Against Notre Dame, Pitt only managed 16 points in the second half and shot just 38.6 percent from the field for the game. The Fighting Irish also held the Panthers to 53 points in a Feb. 24 loss at Notre Dame.
Notre Dame has morphed into a team that likes to hold the ball on offense and bleed the 35-second shot clock. Almost all of its recent games have been low scoring as a result. But NCAA tournament opponents could copy that game plan because it had so much success against the Panthers, especially a No. 14 seed such as Oakland that has struggled to score against NCAA tournament teams this season.
"We have to cherish every possession," Pitt senior guard Jermaine Dixon said. "Notre Dame slowed the game down big time. They would hold it for 35 seconds and then we would take quick shots. We have to take better shots.
"If the game is fast-paced and we can run, we can score 70 or 80 points. But if a team is slowing the game down it's hard to get easy transition baskets. I think we have to do a better job of playing in a slower-paced game."
Pitt's scoring problems have not come solely against Notre Dame. Pitt has not scored more than 70 points in regulation in a game against a Big East team that made the NCAA tournament since Jan. 2, when the Panthers beat Syracuse, 82-72, at the Carrier Dome.
Junior forward Gilbert Brown said playing a team that is not as familiar with the way the Panthers run their offense could help the boost the scoring production in the NCAA tournament.
"It's a fresh start in the tournament," Brown said. "There are different teams from out of conference. They don't have a set scouting report on you like the Big East teams do. It gets tougher as the conference schedule goes on. We could probably put on a good performance offensively against these teams because they never faced us before."
Pitt was the top defensive team in the Big East in the regular season, holding its opponents to 61.4 points per game.
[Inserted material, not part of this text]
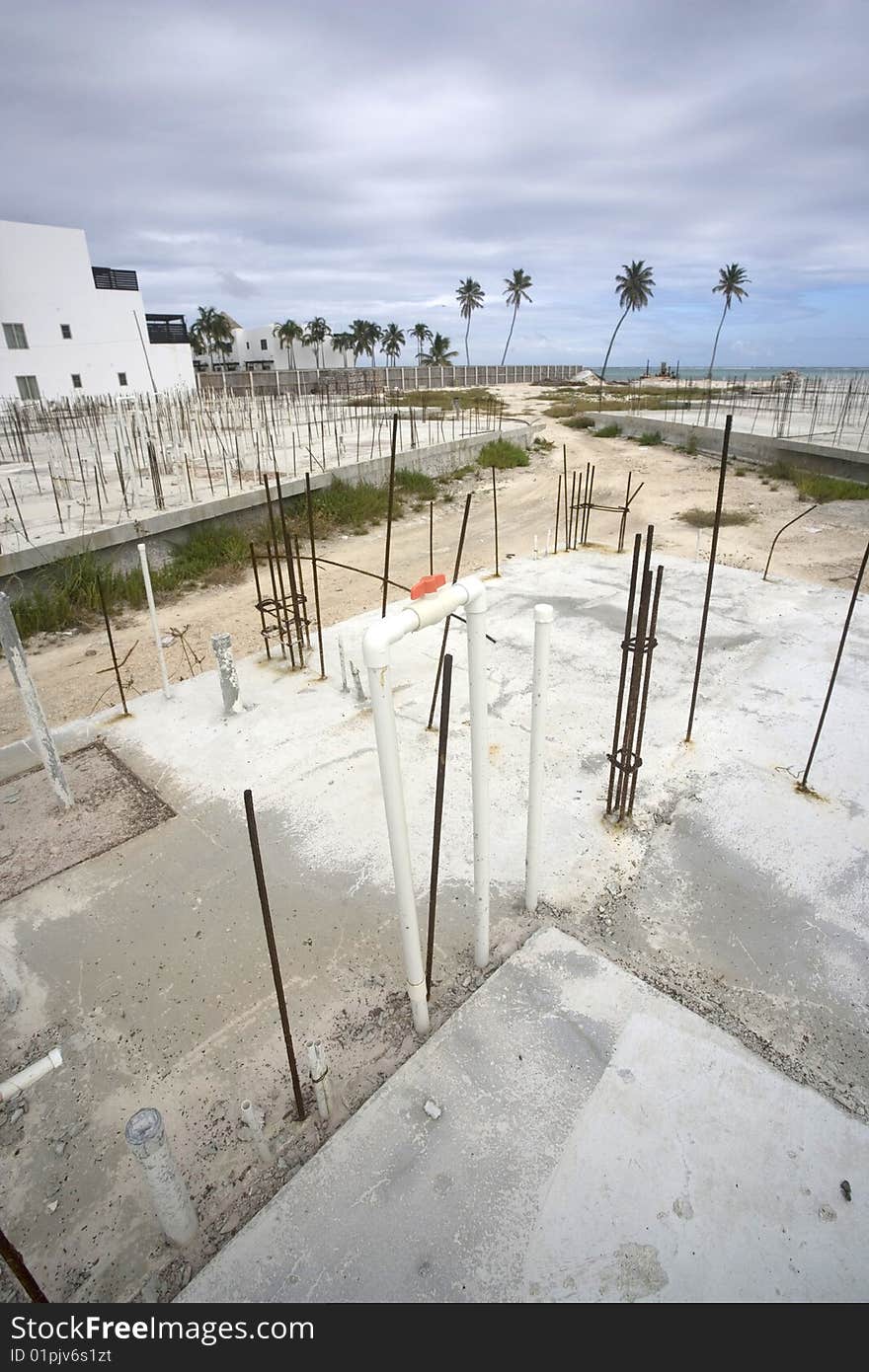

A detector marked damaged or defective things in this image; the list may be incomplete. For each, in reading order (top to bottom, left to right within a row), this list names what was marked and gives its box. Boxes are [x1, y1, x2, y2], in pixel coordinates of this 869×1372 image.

rusty rebar [243, 790, 308, 1121]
The Panthers were able to win many games because the defense shut down the opposing team.
But the Panthers also realize that in order to advance in the NCAA tournament the offense has to be much better than it was in their previous outing against Notre Dame.
"We have to execute more with our shot selection," said sophomore Ashton Gibbs, Pitt's leading scorer. "That means taking a quality shot each and every time. We need a quality shot every time down the court."
Junior guard Brad Wanamaker believes the problems on offense will be fixed by the time the Panthers take on Oakland.
"There are no concerns," Wanamaker said. "We had good possessions [against Notre Dame]. We got away from things. We have to do things for a whole 35 seconds. Notre Dame would hold the ball and make us wait, and then we'd come down and rush a shot. That's something we're working on."